I rode home with my kit in my basket, not really sure how I was going to enact a similar transformation. The most complicated thing I’d ever made was a 79-cent Revell model of an X-15 supersonic jet. Making that consisted basically of snapping about a dozen plastic pieces together and applying decals. This project seemed substantially more involved than that. Plus, I was potentially competing for the championship of Cub Scouts across America.

When I got home my father was still in bed, resting, convalescing. My mother said it would be nice, would make him feel better if I went in and said hello to him. I sat on the bed beside him and showed him the pine box derby kit. He looked at it with interest. “Maybe you can make it look like Jim Clark’s racecar,” he said. He took the balsa wood model from my hands and grabbed a pencil that was lying next to his old Philco alarm radio on his night stand. Quickly he drew lines on the balsa. “Tomorrow, borrow a hacksaw from Mr. Martechinni next store and saw away on the lines I drew,” he said.

After my next Cub Scouts meeting I again went upstairs to say hello to my father and show him my pine box derby racer. He held the model in his hands. Again he grabbed a pencil and drew some quick lines. “Run over to Brewer’s after school one day and get some sandpaper and smooth your car until the pencil marks are gone. And pick up a small can of dark green paint and a brush as well.” He told me to ask my mother for three dollars. That would cover the supplies.

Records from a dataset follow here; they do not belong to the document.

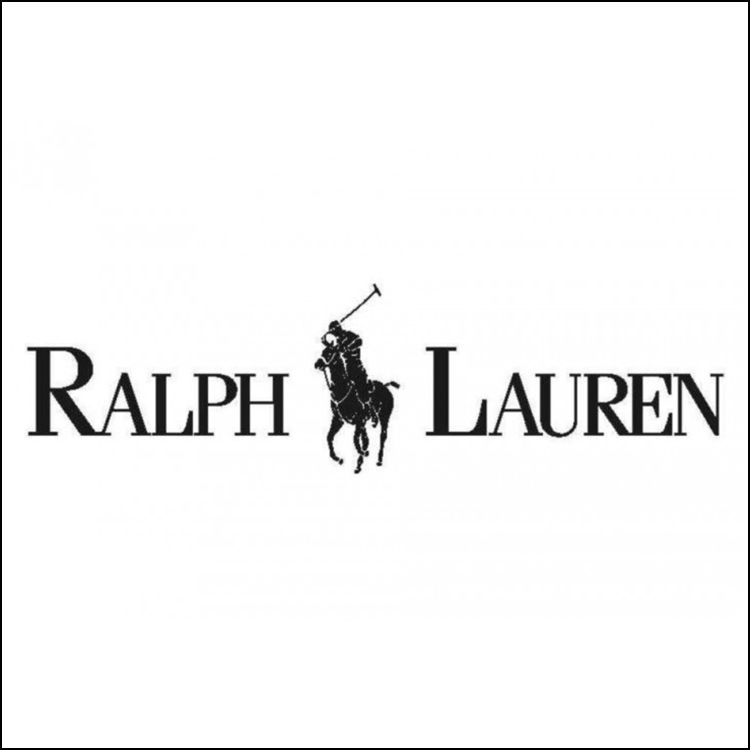 RALPH LAUREN(ラルフローレン)の古着・中古通販｜古着屋JAM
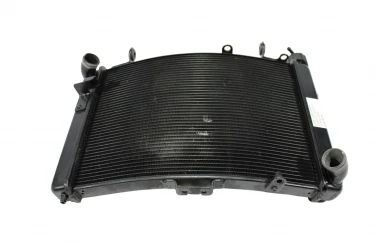 CHŁODNICA WODY PRZÓD KTM 1290 SUPER DUKE GT 19-24 U-11 61535010000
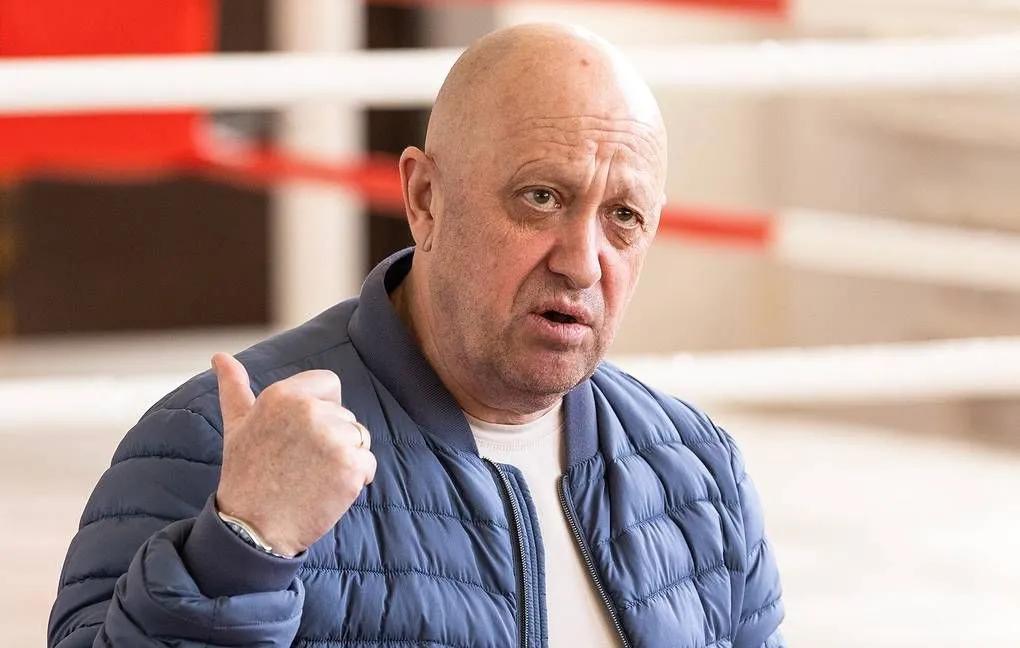 俄罗斯国防部内部人士称只有1000瓦格纳战士随同普里戈任抵达白俄 6月28日，俄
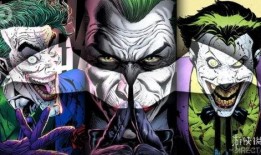 新龙小丑爆料视频大全在线观看,视频大全在线观看，揭秘幕后真相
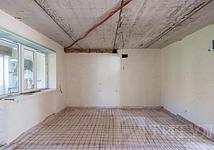 Thumb medium 18265aef801a007478400b040379cdd0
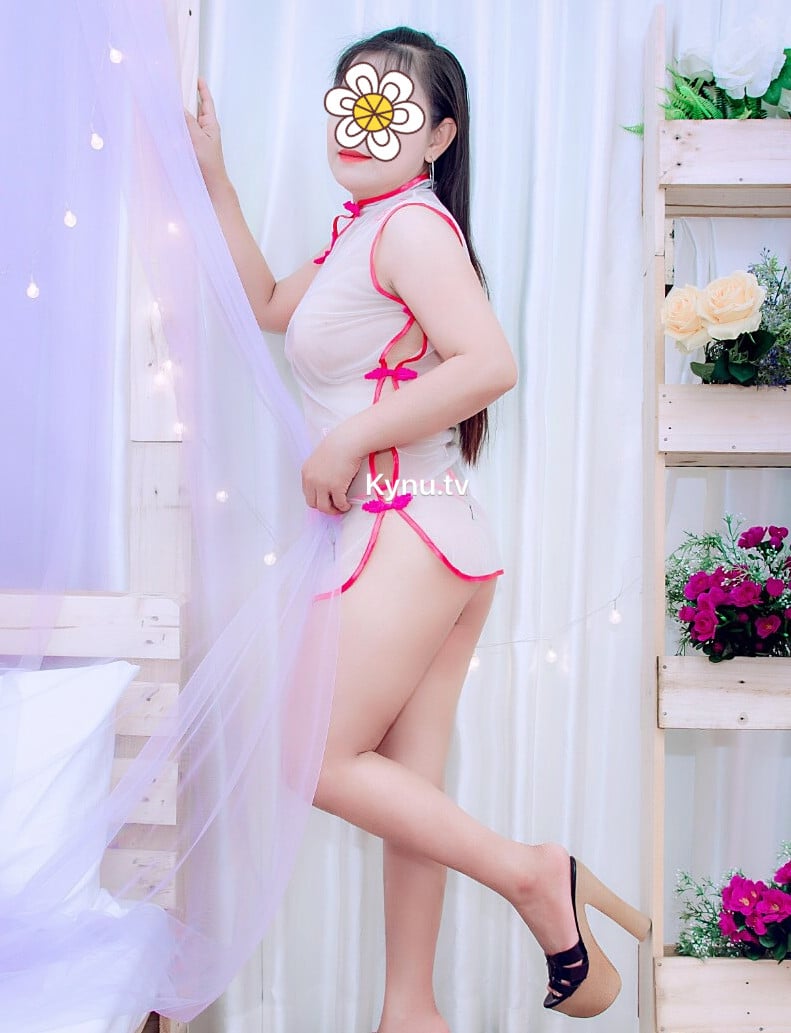 Hàng Giá Rẻ ❤️ NHƯ Ý ❤️ Ngực To -Bướm Khít – Mông Bự – Giá Rẻ Để AE Xả Stress.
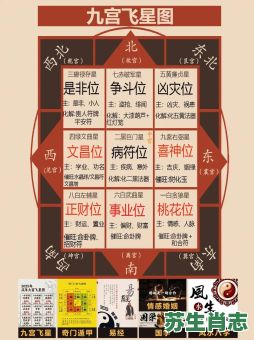 热情是什么生肖？什么生肖最热心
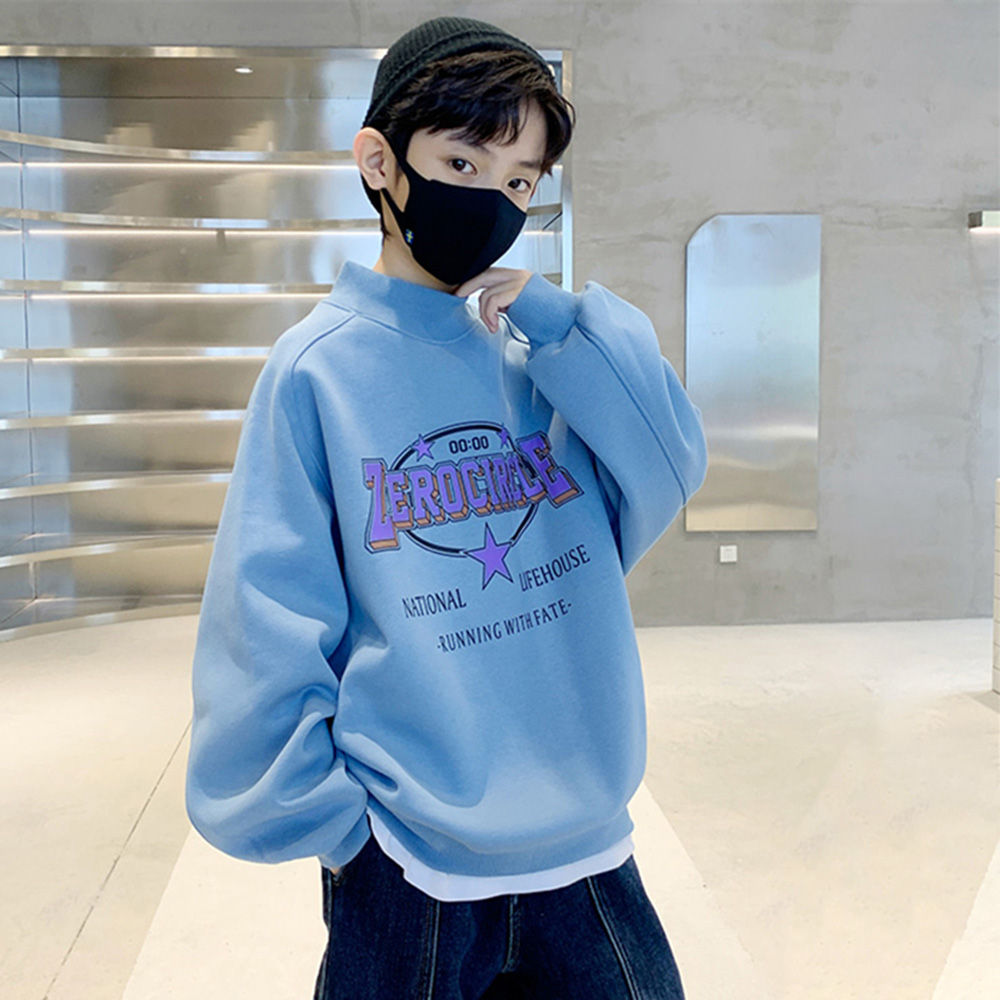 

features material 100 polyester fit type regular the actual product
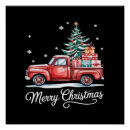 Suche nach lustige lkw poster Weihnachten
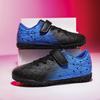New Low-Top Non-Slip Children'S Football Shoes Men'S And Women'S Outdoor Grass Game Training Breathable Lightweight Football Shoes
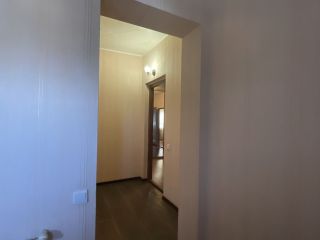 Продаю 2 комнатную квартиру фото 19 Астрахань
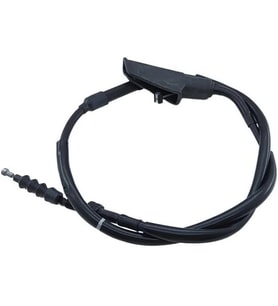 CF Moto SR 250 Debriyaj Teli Komple Orjinal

I did what my father said but I had never worked with tools before or really painted anything before. I was about to glue the wood blocks into their notches and affix the wheels but my car looked nothing like the photos on the instructions or like the racing cars I’d seen in magazines or on television. “It looks fine, son” was all my father had to say. “Besides,” he continued “It’s not how a car looks. There are no points for that, it’s how fast it goes.”

The next week when I came home from Johnnie Auletta’s house my father surprised me by being out of bed. He was sitting at the kitchen table in his old flannel bathrobe. He used to be fat and now he was thin. He had with him a drill, a soldering iron, some wood putty, my mother’s kitchen scale and a bit of the green paint I had left over. “I read in the instructions about the weight limit on these cars and I got to thinking,” my father said. He took the pine box derby car from me and placed it on the scale. “Just as I thought,” he said. “You’re two ounces under.”

Quietly my father drilled two holes in the front of the car then filled the holes with melted solder. In a minute when it had dried, he applied a dab of wood putty, smoothing it with his thumb. Then he painted it over so you could barely notice. My car was now just a hair under regulation weight. “It’s all about gravity, son,” my father said. “The weight upfront will pull the car forward.” He gave the wheels a spin and handed me back the racer.

I don’t remember anything about how my car did when it was time to race a week or so later. I know that some of the boys had cars that looked like they were made by Da Vinci—they were aerodynamic, sleek and air-brushed. My car looked like a sponge on wheels. In any event, I didn’t win. Not my den. Not my troop. Not my division, state or region. I didn’t get to go to Spokane.

I rode my bike home from the races, again in the dark. And tossed the car into a trash can at the end of our block. When I got home, my father was back in bed.

4 comments:

Anonymous said...

Nice brief and this post helped me alot in my college assignement. Thank you seeking your information.

Kelly said...

George,

I am sitting here in a puddle. My heart just melted clear away.

Oh, and you helped me in my college assignment, too. Nice brief. (Eeeek)

Regards,

Kelly

bob hoffman said...

Dad was wrong about one thing. The weight of the object has no bearing on the effect of gravity. All things fall at the same rate (I'm sure Miss Keiserling taught you about Galileo.)

Anonymous said...

George, Maggie here. That's just beautiful. You should write a memoir. Perhaps you already are.